As said before, $W$ and $\boldsymbol{b}$ are parameters of the classifier. They are defined by training our classifier in order to minimize some loss function over a whole training set TR:
$$ [W,b] = argmin_{W \in R^{L \times d}, b \in R^L} \sum_{(x_i,y_i) \in TR} L(x,y_i) $$
Denoting $W(i,:)$ as the d-dimensional vector containing the weights of the score function for the i-th class, it can be seen as a template used in matching.
Templates learned on the CIFAR10 dataset
As we can see the model has learned that the background of planes and boats is blue, that cars are typically red and so on. It is definitely too simple to achieve higher performance and better templates. We thus need a better approach.
Feature Extraction
Probably, feeding the images directly to the classifier is not a good idea. We need some intermediate steps with which we can extract meaningful information and also reduce the data-dimension.
Of course, these features can be hand-crafted according to the problem we are facing. However, this is in general not advisable, since usually the patterns are very complex, there are many variables and there is a high risk of overfitting. As we know, neural networks are instead a good tool in this scenario, thanks to the fact that deep learning techniques are able to independently learn a hierarchical set of meaningful features.

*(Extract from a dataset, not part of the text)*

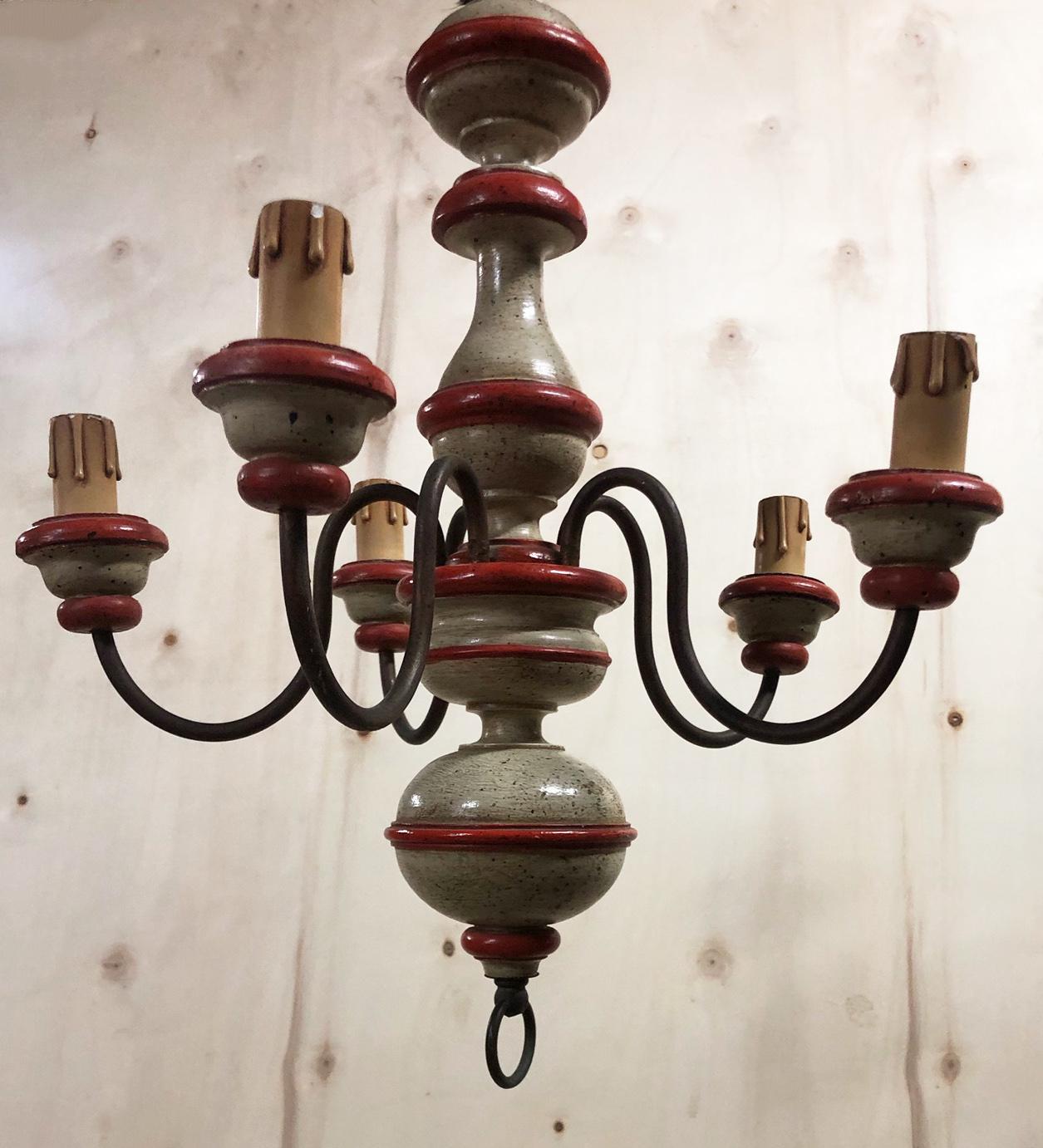 Italian Chandelier in Wood with Five Lights with Two-Tone Coloring For Sale 5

Convolutional Neural Networks
CNN are typically made of blocks that include:
- convolutional layers
- nonlinearities (activation functions)
- pooling layers (usually max pooling)
First of all, why convolution? There are 3 main reasons:
-
sparse connectivity: In traditional neural networks every output unit interacts with every input unit (fully connected). This does not happen in CNN, where we typically have sparse interactions (or sparse weights). This is accomplished by making the kernel smaller than the input. This is particularly important with images, since as we said we have to deal with high-dimensional data. This approach, indeed, means that we need to store fewer parameters, which both reduces the memory requirements of the model and improves its statistical efficiency. Moreover, it also means that computing the output requires fewer operations.
-
parameter sharing: In a traditional neural network, each element of the weight matrix is used exactly once when computing the output of a layer. In a CNN, each member of the kernel is used at every position of the input (except perhaps some of the boundary pixels, we will see more on this later). This means that rather than learning a separate set of parameters for every location, we learn only one set. This further reduces the storage requirements of the model to $k$ parameters.
-
equivariant representations: thanks to parameter sharing, layers in CNN have a property called equivariance to translation. We say that a function is equivariant when if the input changes, the output changes in the same way. With images, convolution creates a 2D map of where certain features appear in the input. If we move the object in the input, its representation will move the same amount in the output. A very good explanation of this property can be found HERE.
CNN Architecture
LeCun, Yann, et al. "Gradient-based learning applied to document recognition" (1998)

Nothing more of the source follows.